Ces questions, je ne me les serais pas posée, il y a six mois quand j’auto-publiais mon premier livre. Maintenant, c’est quasiment au quotidien que je me les pose (et non, je ne me prends pas TROP la tête, je suis lucide et je veux faire de l’écriture un boulot rentable, pas une passion ou un passe-temps du week-end)

Il faut de tout pour faire un monde, et un artiste ne se corrompt pas en « vendant » ce qui est « vendeur », tant qu’il garde à l’esprit que c’est du travail « gagne-pain » et que ça lui permet de faire ce qu’il veut à côté.
Je repense à  une fille à qui j’ai appris qu’une artiste de street art qu’elle adorait, Miss Tic, avait participé à une campagne de pub pour un loueur de camions. Sa réaction a été le rejet et le dégoût pour cette même artiste comme s’il s’agissait d’une trahison. L’art ne nourrit personne : c’est l’argent qui le fait, et l’argent il faut aller le trouver là où il est. C’est une thématique d’histoire de l’art qu’on pourrait largement développer et qui est occultée par la beauté de l’art suprême et désintéressé… (un peu comme l’artiste maudit en fait, passons, je ferai un billet à ce propos un autre jour)
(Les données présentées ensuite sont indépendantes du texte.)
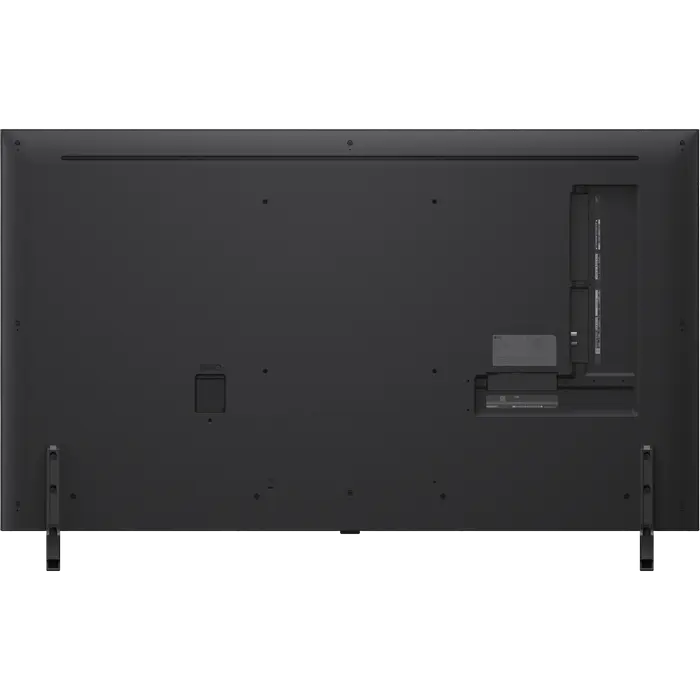 55" QNED SMART TV LG 55QNED80A6A, 3840x2160 4K UHD, webOS, Negru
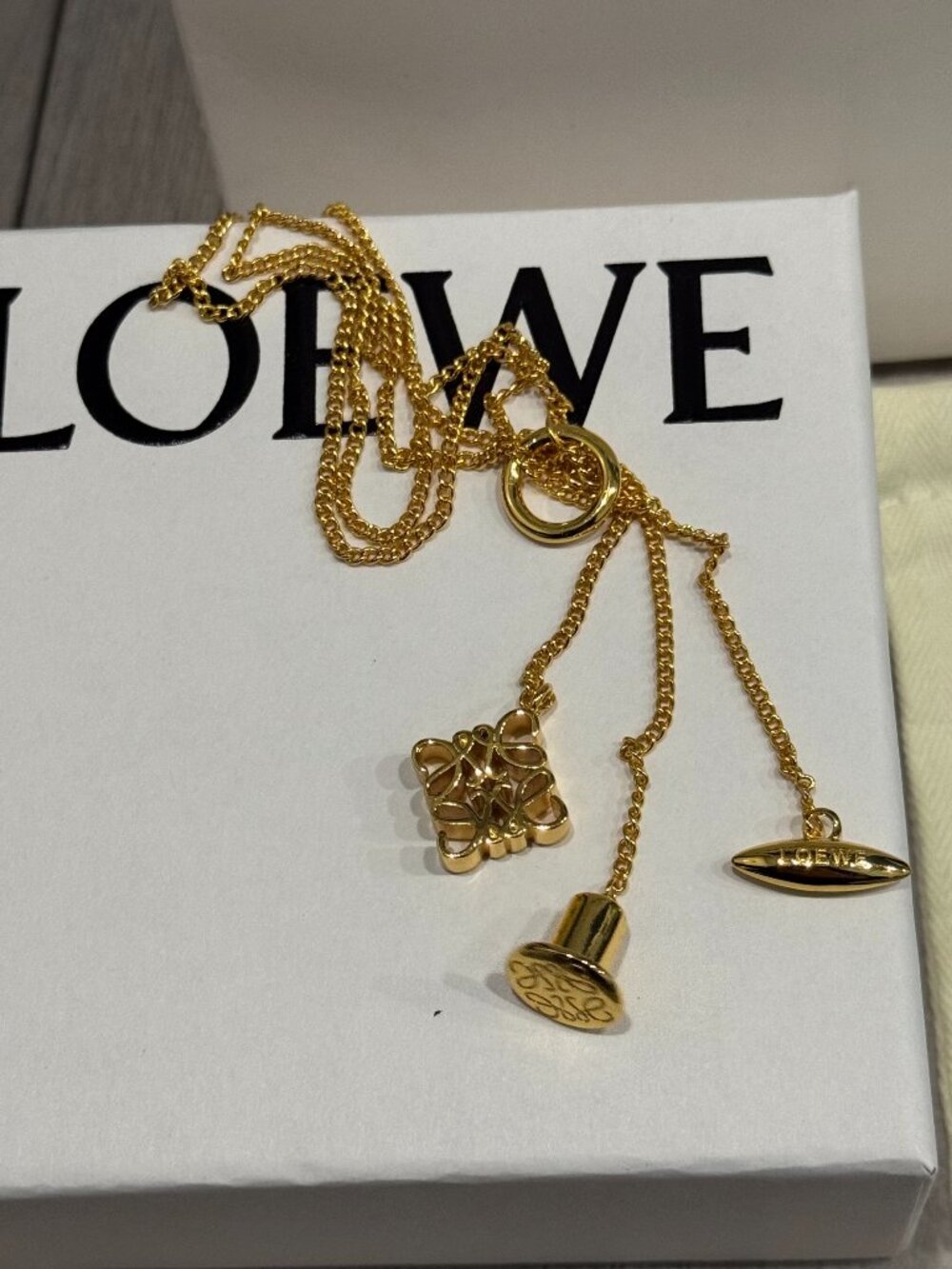 Loewe necklace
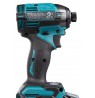 Makita TD002GD202 power screwdriver/impact driver 3700 RPM Green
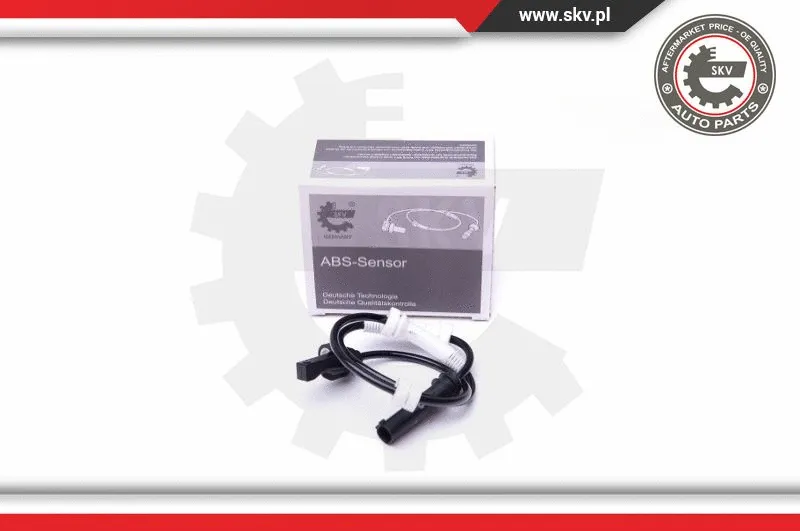 Sensor, wheel speed (06SKV362)
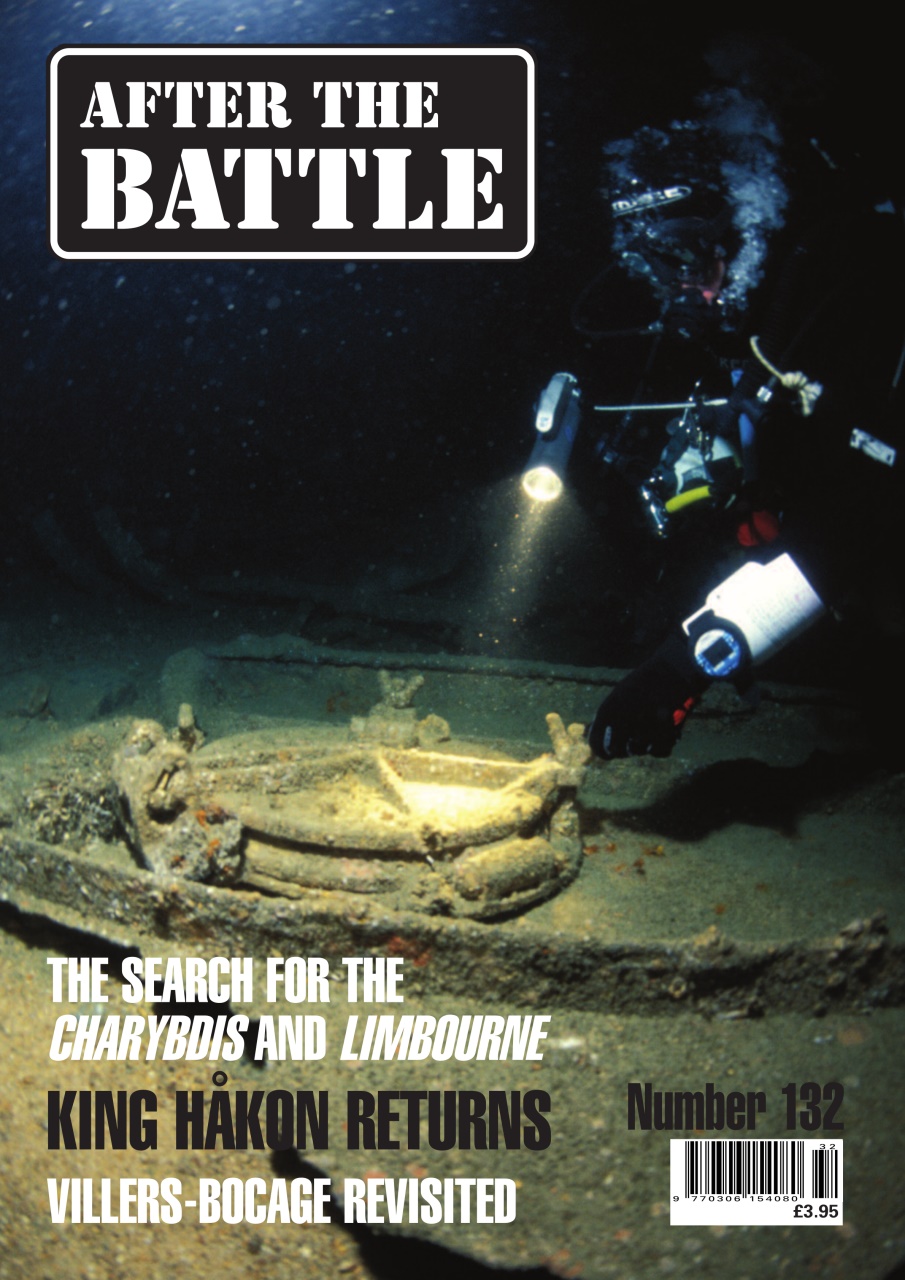 After The Battle Magazine - Issue 132 Back Issue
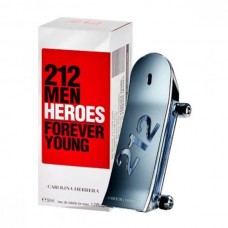 212 Heroes 1.7 Edt Sp For Men
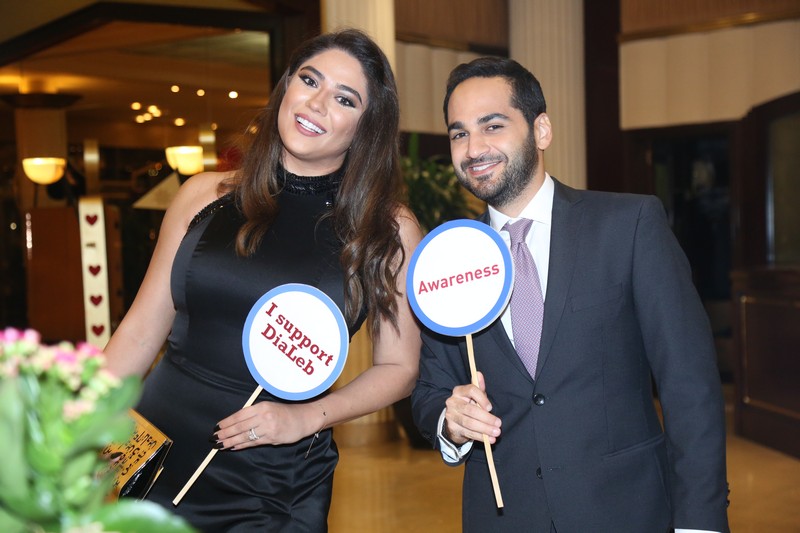 DiaLeb's 8th Annual Fundraising Gala Dinner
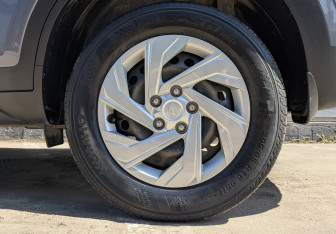 Подержанный автомобиль Hyundai Creta 2021 года (12 фото)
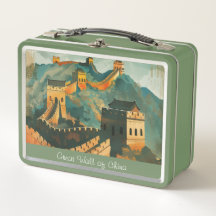 Große Mauer der China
S’il se prend pour l’auteur du siècle parce qu’il a fait un best-seller, par contre, là, l’auteur commet une faute d’orgueil (péché capital, ça, ‘ttention).

La littérature c’est un art, mais c’est avant tout un commerce (comme l’Art d’ailleurs). Ce qui se vend bien n’est pas forcément le meilleur, en réalité, c’est même bien souvent le contraire.